Bernard Sunley (4 November 1910 – 20 November 1964) was a British property developer, and the founder of Bernard Sunley & Sons.

Born at Catford in south-east London, he was the son of John Sunley, a florist and fruiterer, and was educated at St Ann's School in Hanwell. After leaving school at the age of fourteen, he hired a horse and cart to move earth, and then went into the landscape gardening business. One of his first major contracts was re-laying the pitch at Highbury for Arsenal FC.

In November 1931, at Holy Trinity Church, Southall, Sunley married Mary Goddard, a daughter of William Goddard, a farmer, of Waxlow Farm, Southall. They had two daughters and a son. 

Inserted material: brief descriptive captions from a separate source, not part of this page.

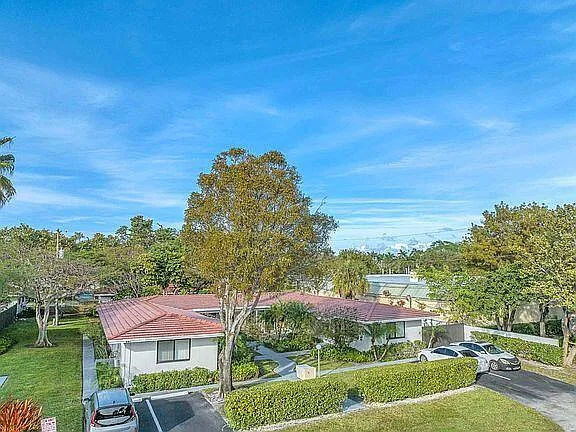 1 bed, 1.0 bath, 700 sqft, $1,800 — Photo 2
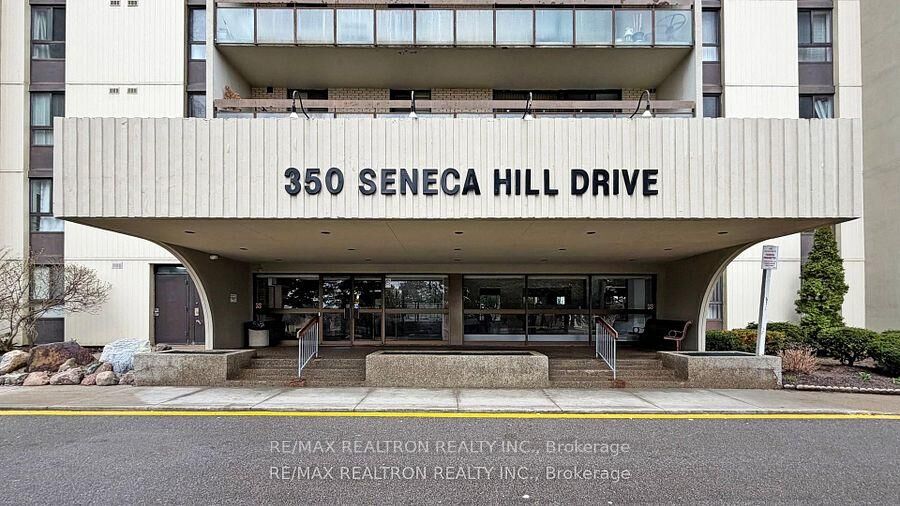 Property Photo:  350 Seneca Hill Drive 212  ON M2J 4S7 
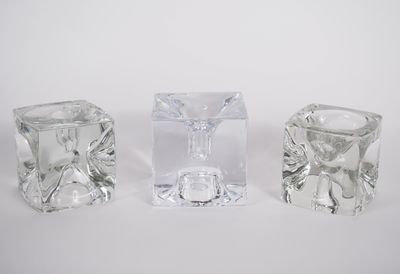 trois morceaux de verre posés les uns à côté des autres sur une surface blanche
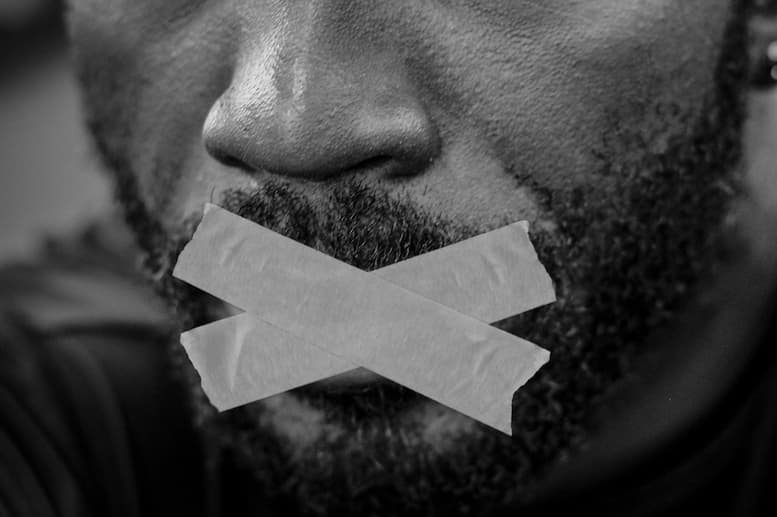 Mit Heftpflaster zugeklebter Mund/ pevolca-protokolle-warum-die-wahrheit-unter-verschluss-bleibt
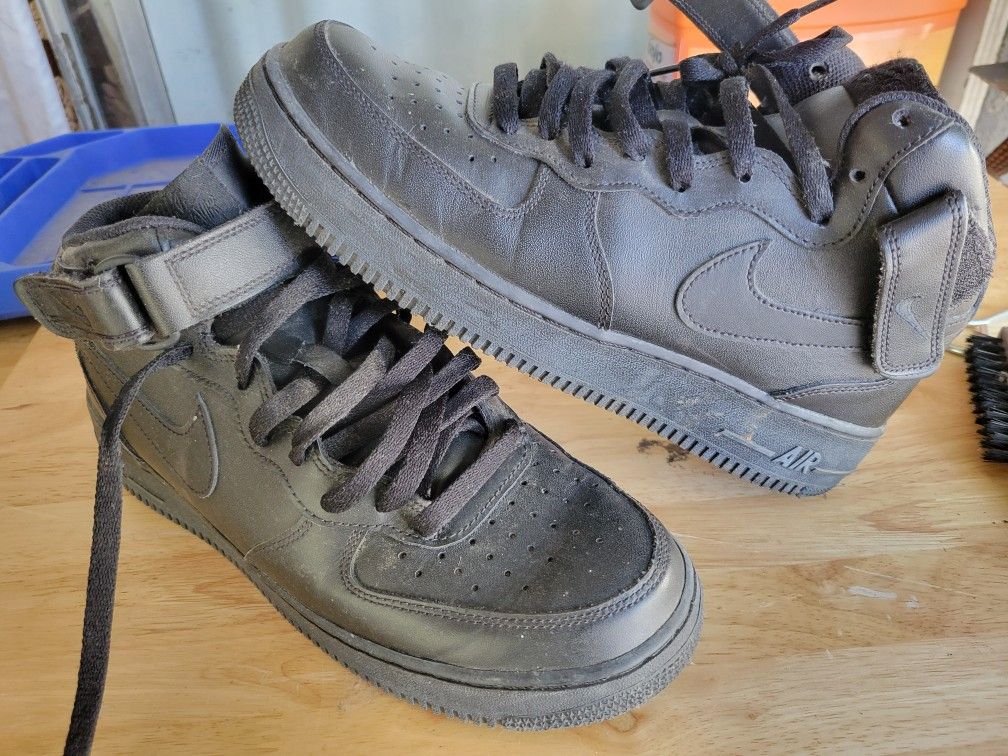 Nike Airforce 1 Mids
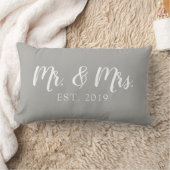 Mr. and Mrs. Script Established Wedding Pillow Lendenkissen (Decke)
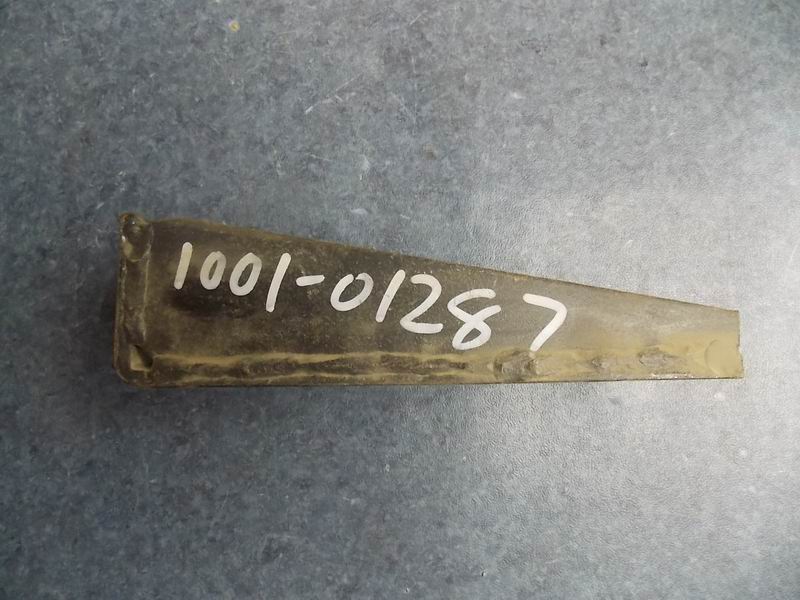 D The rear suspension upper bracket of the engine-1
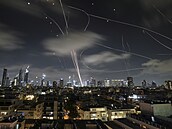 Izraelský systém protivzduné obrany Iron Dome odpaluje rakety bhem íránského...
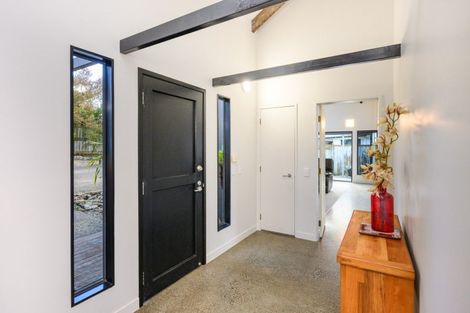 Photo of property in 151 Summerhill Drive, Fitzherbert, Palmerston North, 4410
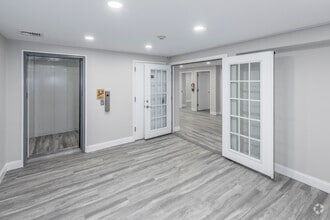 4 Weber Ave, Malverne, NY à louer Photo intérieure– Image 2 sur 10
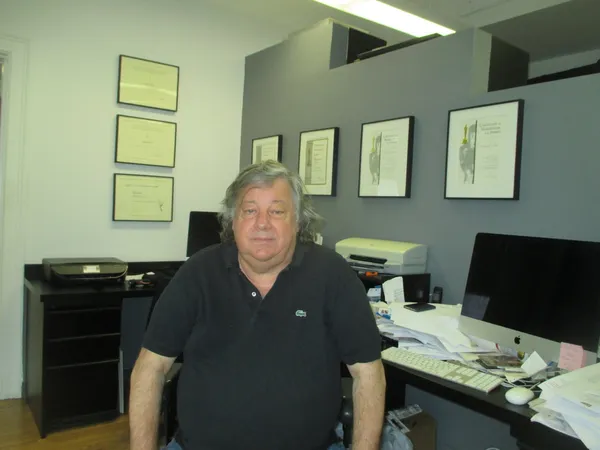 ‪The Pulitzer at 100 director and Oscar-winner for Strangers No More, Kirk Simon, has died.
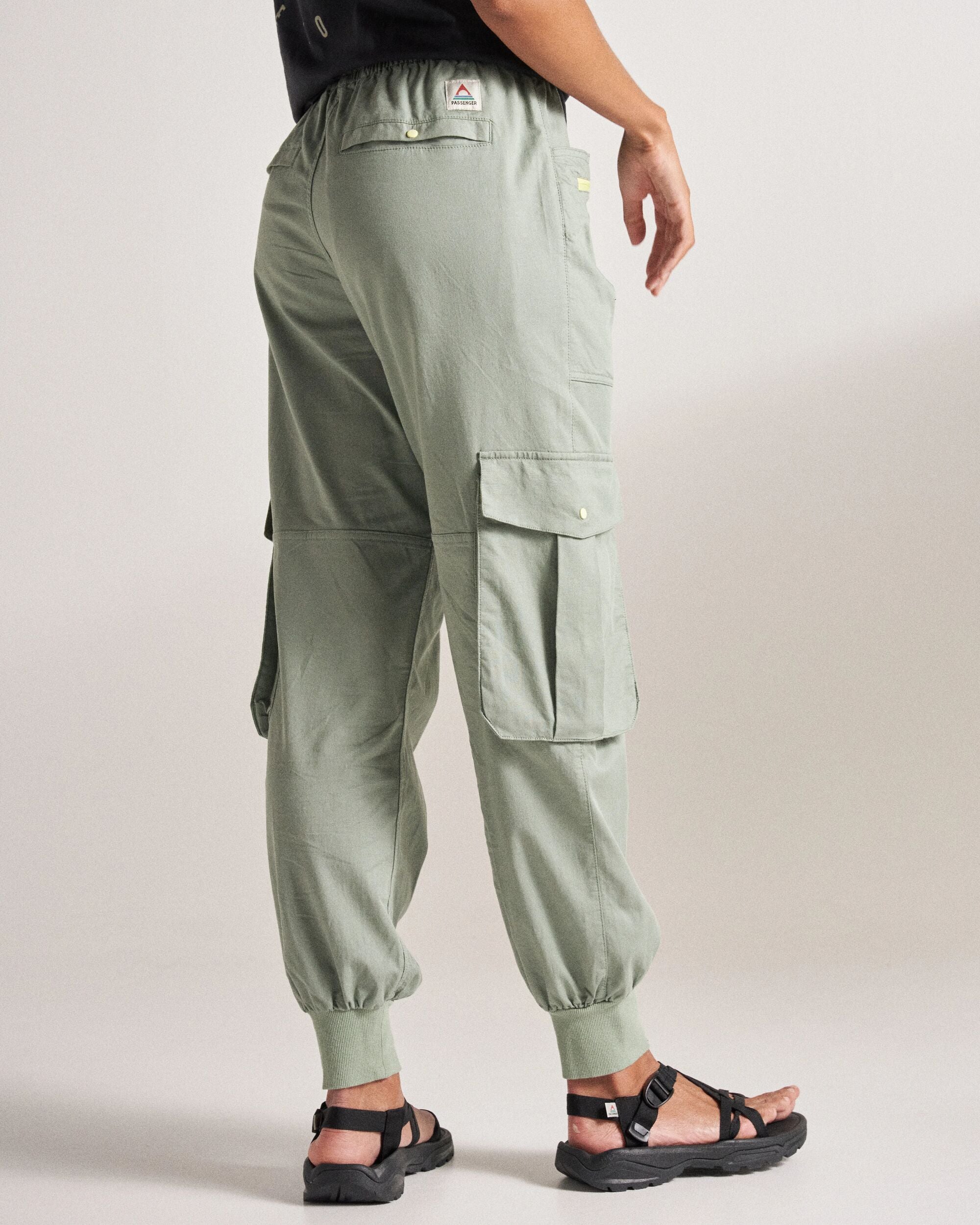 Hydrilla Organic Cotton Trouser - Pistachio - Studio Model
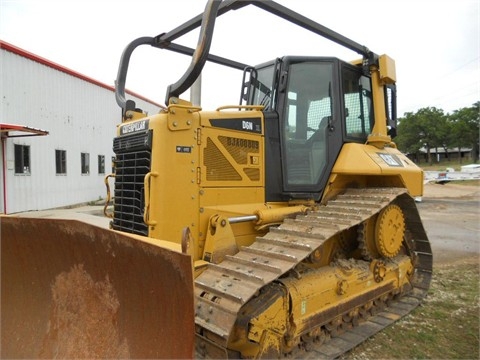 Tractores Sobre Orugas Caterpillar D6N  de medio uso en venta Ref.: 1370286571776663 No. 2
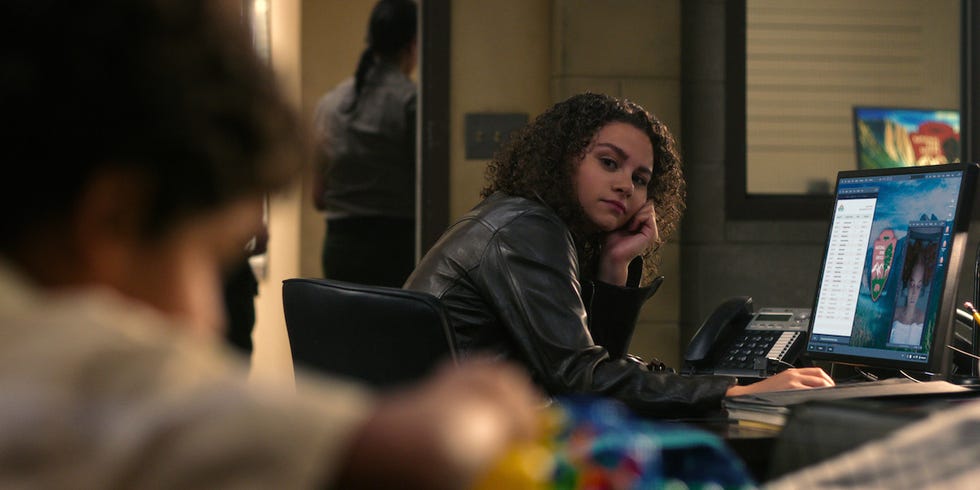 Lily Santiago als Naya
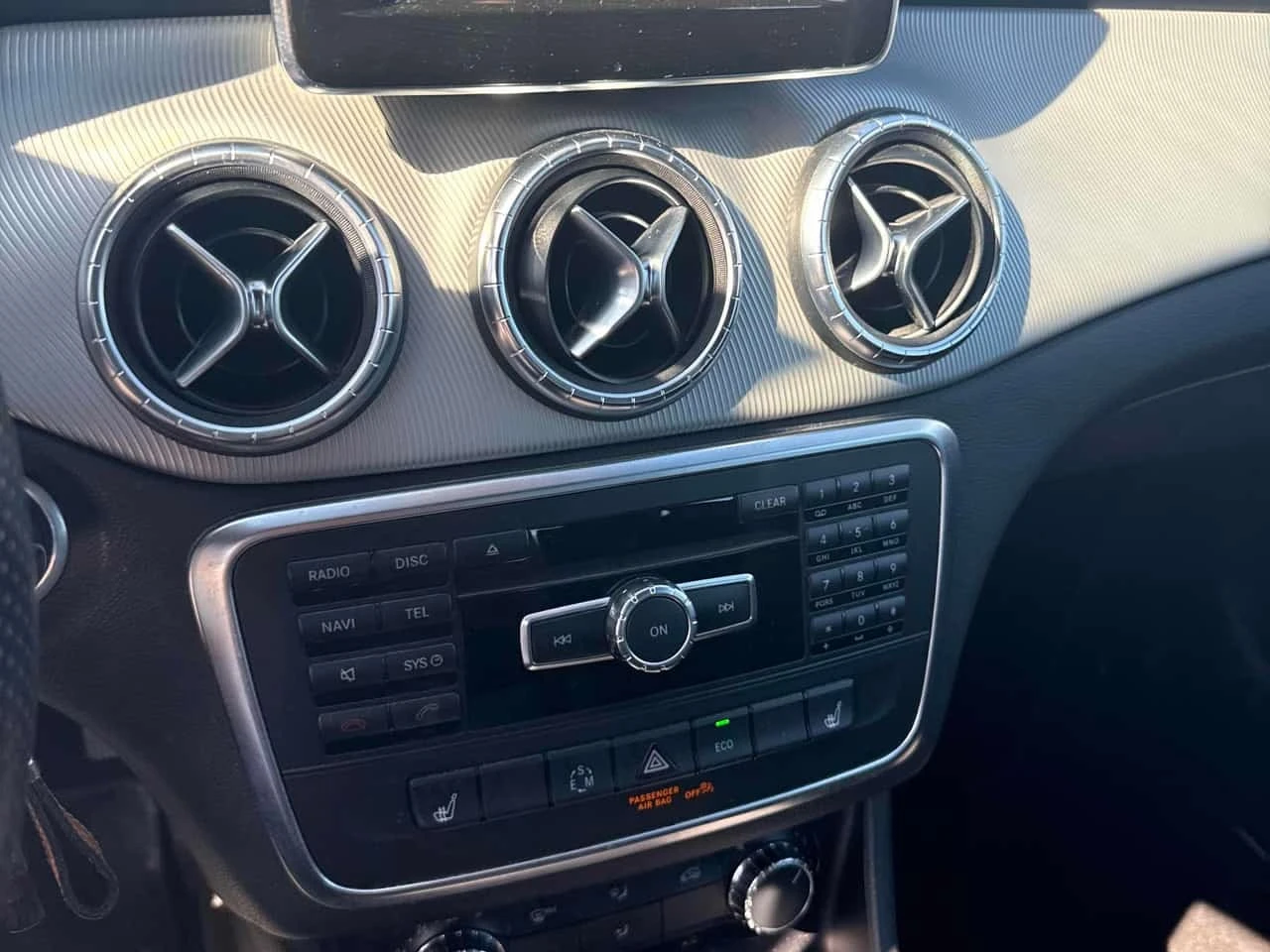 Mercedes-Benz CLA 250 * CARFAX * ОПЦИЯ ЗА ФИНАНСИРАНЕ, снимка 9 - Автомобили и джипове - 56227786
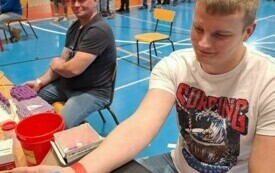 Włoszczowa 31 stycznia 2024r. Akcja oddawania krwi dla mateusza Śliwińskiego z Rząbca w hali OSiR.  7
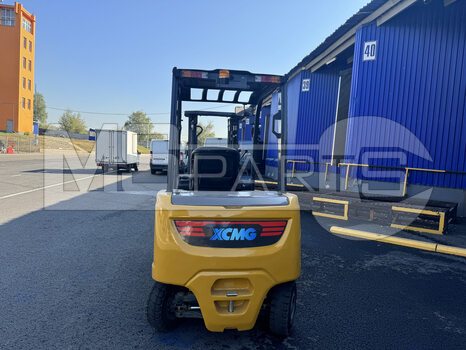 Фото: Вилочный погрузчик XCMG XCB30 (L5-C)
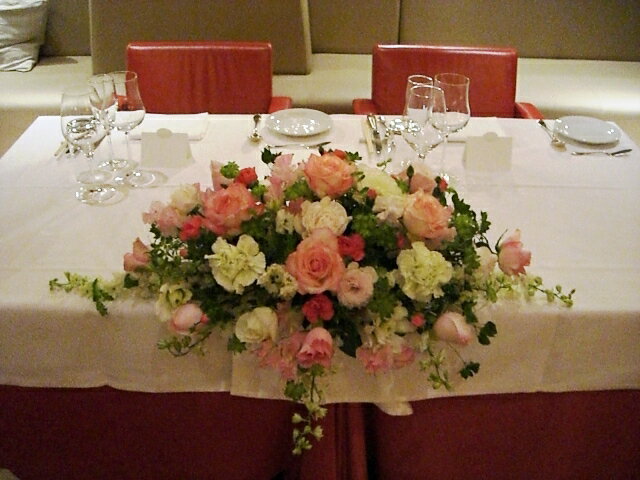 ピンク、白などメインテーブル装花（Mサイズ）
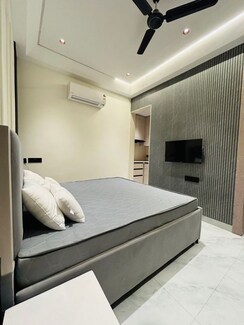 StudioBuilder Floor For Rent in Sector 31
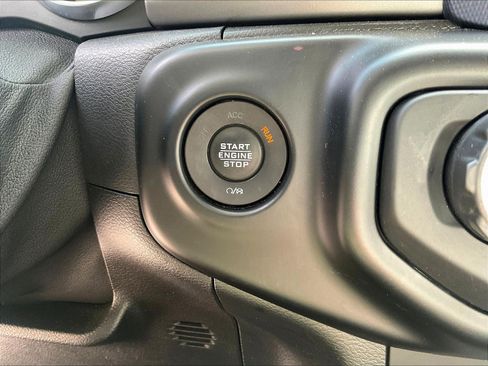 Used 2021 Jeep Gladiator Sport AWD/4WD image 16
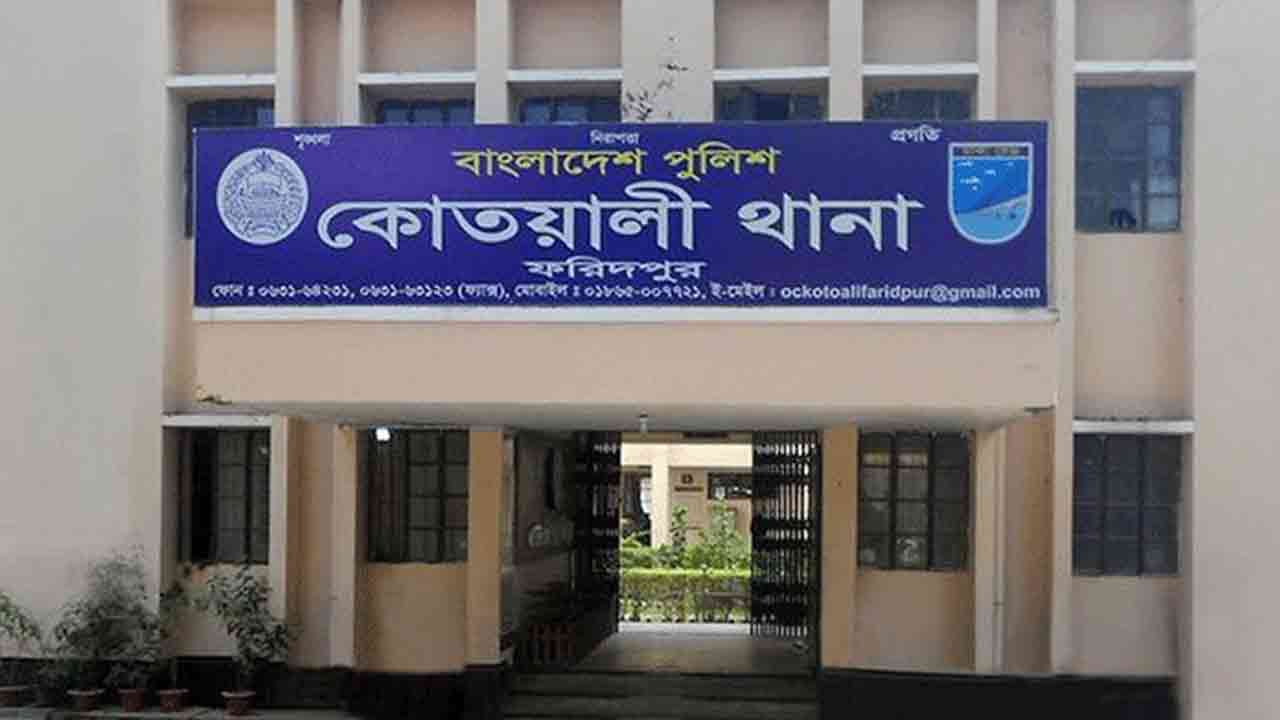 ফরিদপুরের গেরদা ইউনিয়নের পশ্চিম কাফুরা গ্রামে জমি সংক্রান্ত বিরোধের জেরে  এক ব্যক্তিকে কুপিয়ে মারাত্মক ভাবে আহত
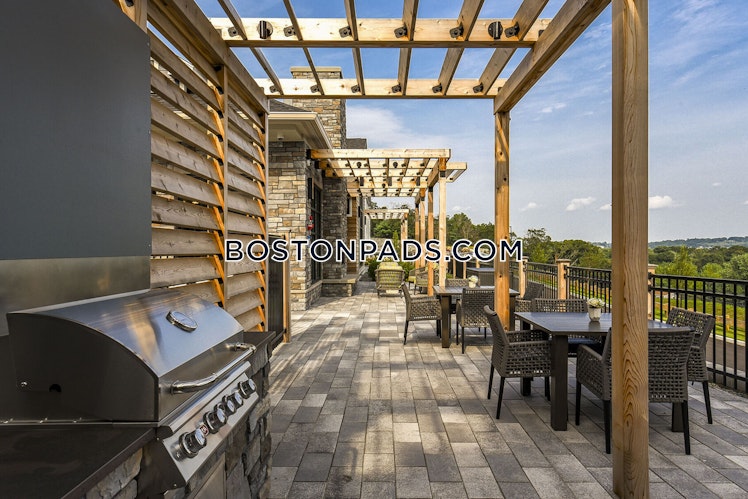 Main St., Winchester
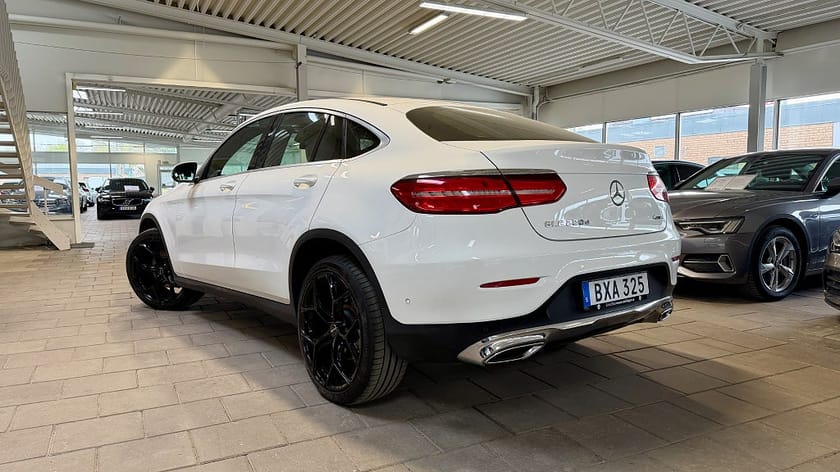 Bild 4 av Mercedes-Benz GLC 220 d Coupé 4MATIC 220d 9G-Tronic Eu6 Backkamera 21" GMP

From earth-moving, Sunley moved into the open-cast mining business. In 1940, he founded Bernard Sunley & Sons. During the Second World War he built over 100 airfields, and in 1942 he purchased the business of Blackwood Hodge, then a supplier of agricultural machinery and later a successful plant hire and sale business. He subsequently "ranked alongside the most successful property developers of the 1950s property boom".

Sunley campaigned as a Conservative Party candidate for Ealing West in 1945, but was unsuccessful.

Sunley established the Bernard Sunley Charitable Foundation in 1960 with a pledge of £300,000-worth of shares. As of 2011, it had made grants of more than £92 million.

He died in 1964. His son, John Sunley (died 2011) was a property developer and philanthropist. His grandson is Richard Tice, a businessman and leader of Reform UK.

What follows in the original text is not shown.